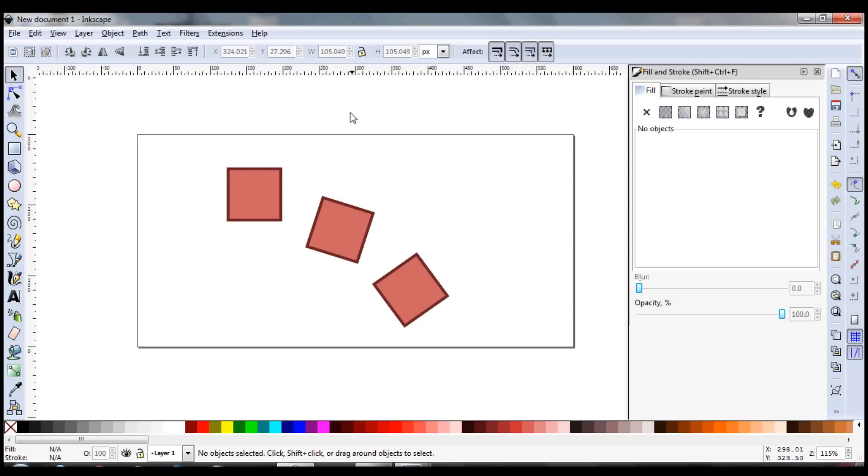Alright, so today we're just going to be doing the important tools in Inkscape. We'll just go through the sidebar here, work our way down, and just hit the important stuff.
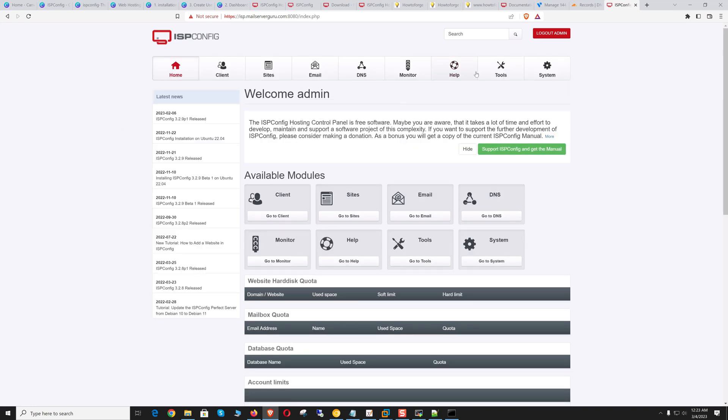So this is the ISP Config dashboard. We have logged in successfully and our installation is okay. I will not go further now. I will give you a detailed tour of the dashboard and explain each topic shortly in the next video. So this is it for now. I will see you on the next video. Bye.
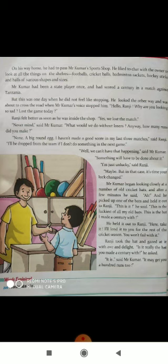'Well, we can't have that happening,' said Mr. Kumar. Mr. Kumar ne kaha, main yaha nahi hone de sakta. 'I am just unlucky,' said Ranji. Ranji ne kaha, main durbhaagyashaali hoon. 'Maybe, but in that case, it's time your luck changed.' Lekin aisa samay hai, tumhye apne bhaagya ko badalna chahiye.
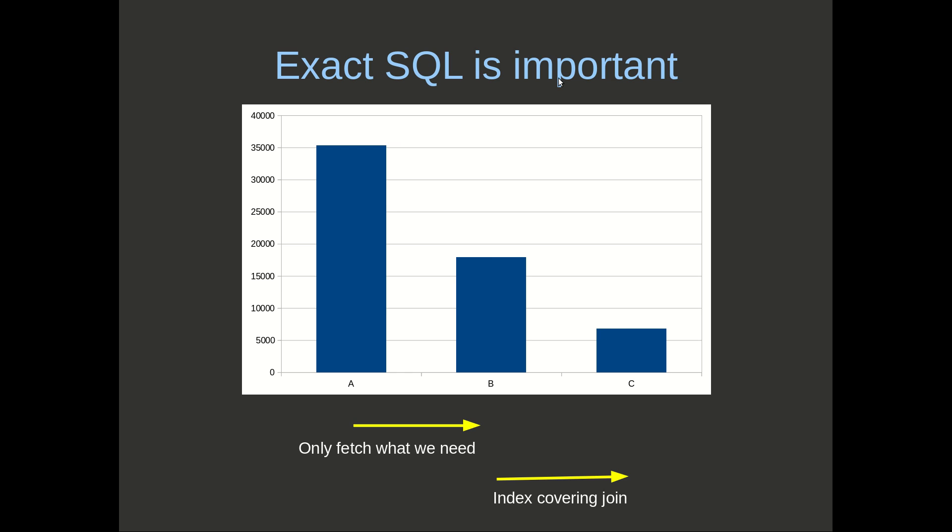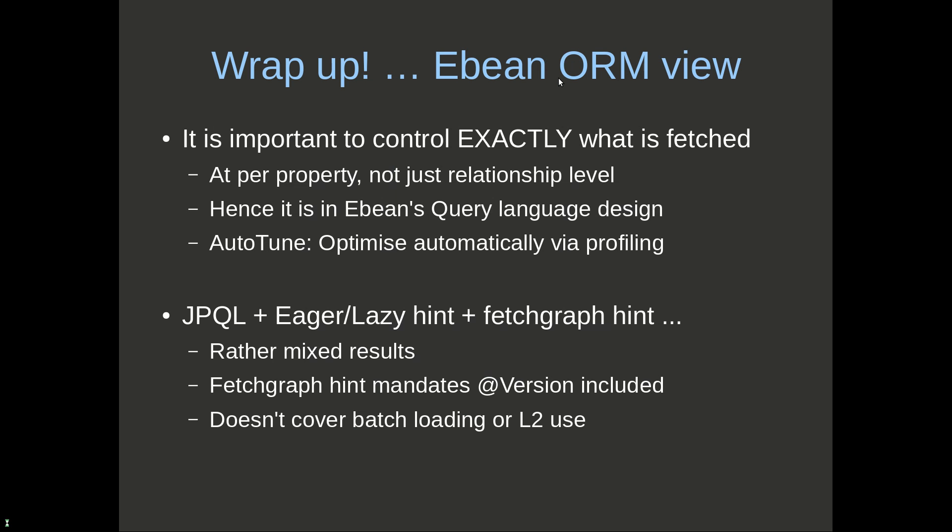To do that, we need control over the exact SQL. Just to wrap up from an ORM perspective and from an Ebean perspective, it's important to control exactly what's fetched. That's at a property level, a column level, not just a relationship level. Hence, Ebean has this as part of its query language design. We want the ability to have that exact control at the query language level of what is included, what part of the object graph we're going to fetch. With Ebean, we can automatically tune this via AutoTune. We can profile the object graph usage, collect that information, and use it to automatically tune this. We want to be able to do this from a language perspective manually, but we can also automatically do that.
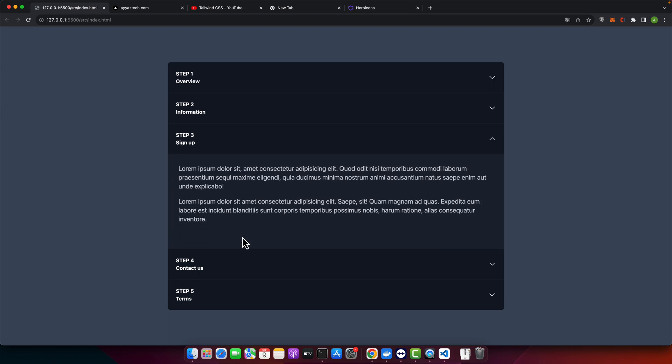All right, look at what you have created. A beautiful responsive accordion using Tailwind CSS. If you design any unique accordions, share them with the community. We would love to see them. Got ideas for our next Tailwind tutorial? Drop a comment and don't forget to like, share and subscribe to iaztech. Until next time.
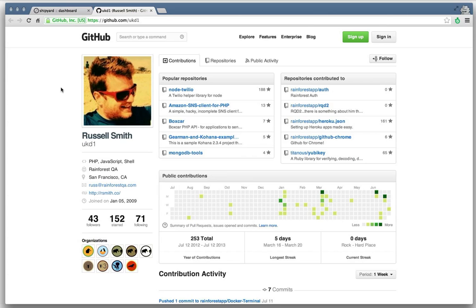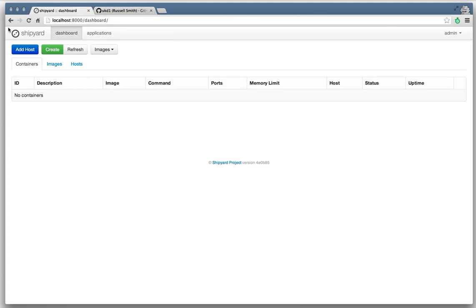So I chimed in and said, yeah, I would love to have that. It sounds like an awesome feature. They worked on it that afternoon and actually that evening had a pull request to implement it in Shipyard.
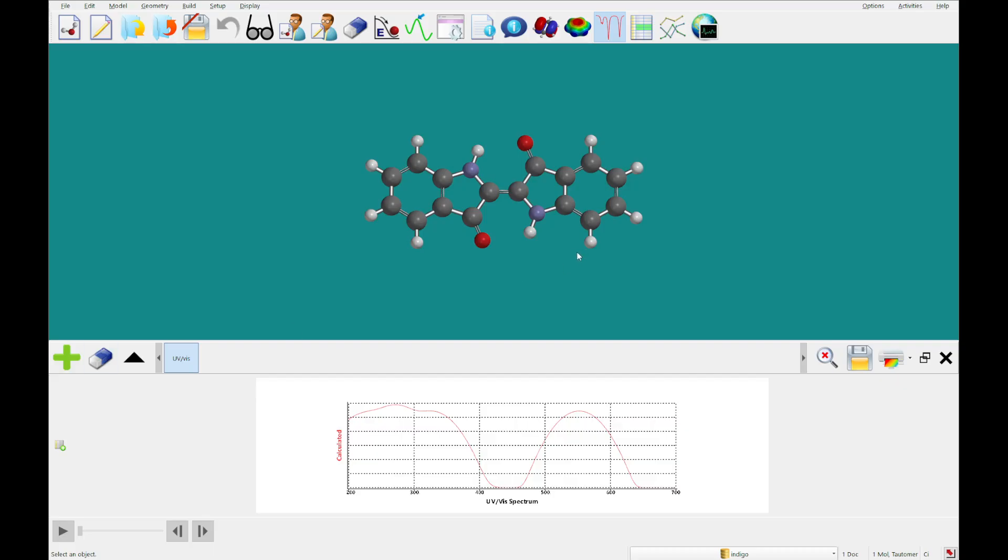Alright, so that's going to do it for today. In the next tutorial, we're going to be looking at flexible molecules. And we'll see you then.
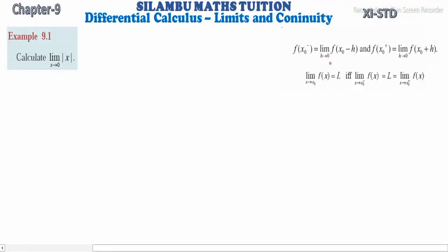Hi student, this is Silambu Max Tuition, 11th standard, Example 9.1: Calculate the limit extending to modulus x in one function value.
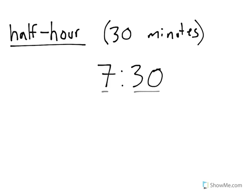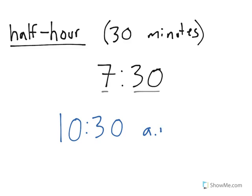So if we were to say the time 10:30 a.m., that means 30 minutes or half an hour past 10 o'clock in the morning. And that's how we work with half hours. They're very common, so you should get used to using them when you're talking about time.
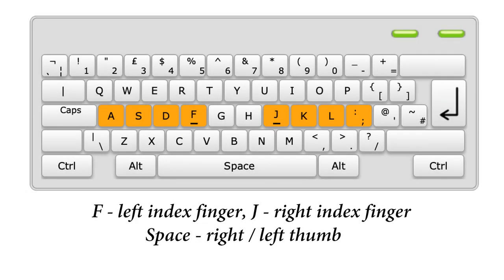Exercise number 25 is complete. This brings us one step closer to conquering the keyboard. At this stage, you don't need to try to type quickly. It is important to remember the location of the keys. See you in the next video.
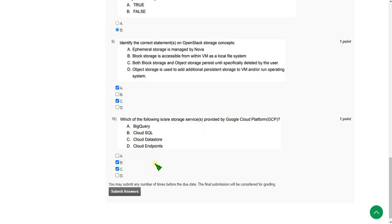These are the solutions for the Week 4 Cloud Computing course assignment. Hope this video was helpful. If so, please subscribe to the channel, like the video, and share it with your friends. For the Week 3 assignment, it is available in the NPTEL playlist. Keep supporting the channel — until then, goodbye and thank you.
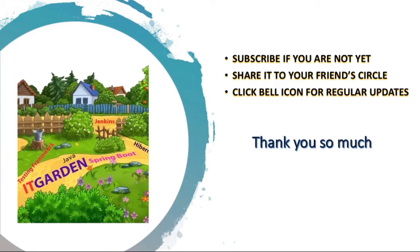Subscribe to this channel. Please subscribe, share this video with your friends, and click the bell icon for regular updates. Thanks for watching this full video.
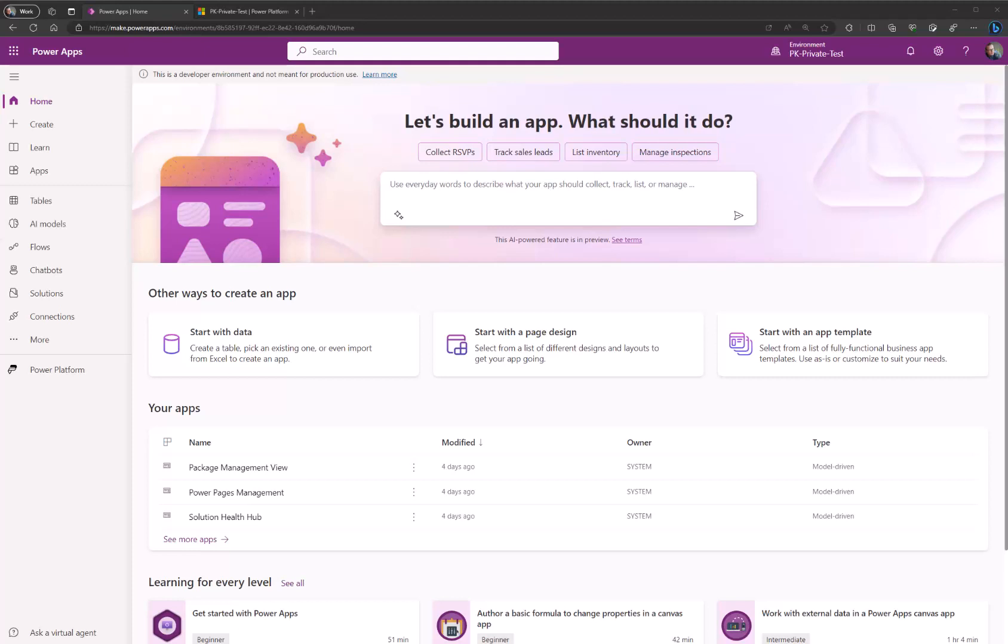Hello and welcome to this video where I will explain how we can use the brand new native copilots for your custom model-driven power apps. First of all, we are inside my environment which is a US region environment. You need this in order for the new copilot to be available as it's currently in preview.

**Task statement**: Go back to the listing above and write out the lines starting at the one with "Alright, so that's" and ending at the one with "Hi student, this", inclusive, exactly and without pictures.

**Expected output**:
Alright, so that's going to do it for today. In the next tutorial, we're going to be looking at flexible molecules. And we'll see you then.
Hi student, this is Silambu Max Tuition, 11th standard, Example 9.1: Calculate the limit extending to modulus x in one function value.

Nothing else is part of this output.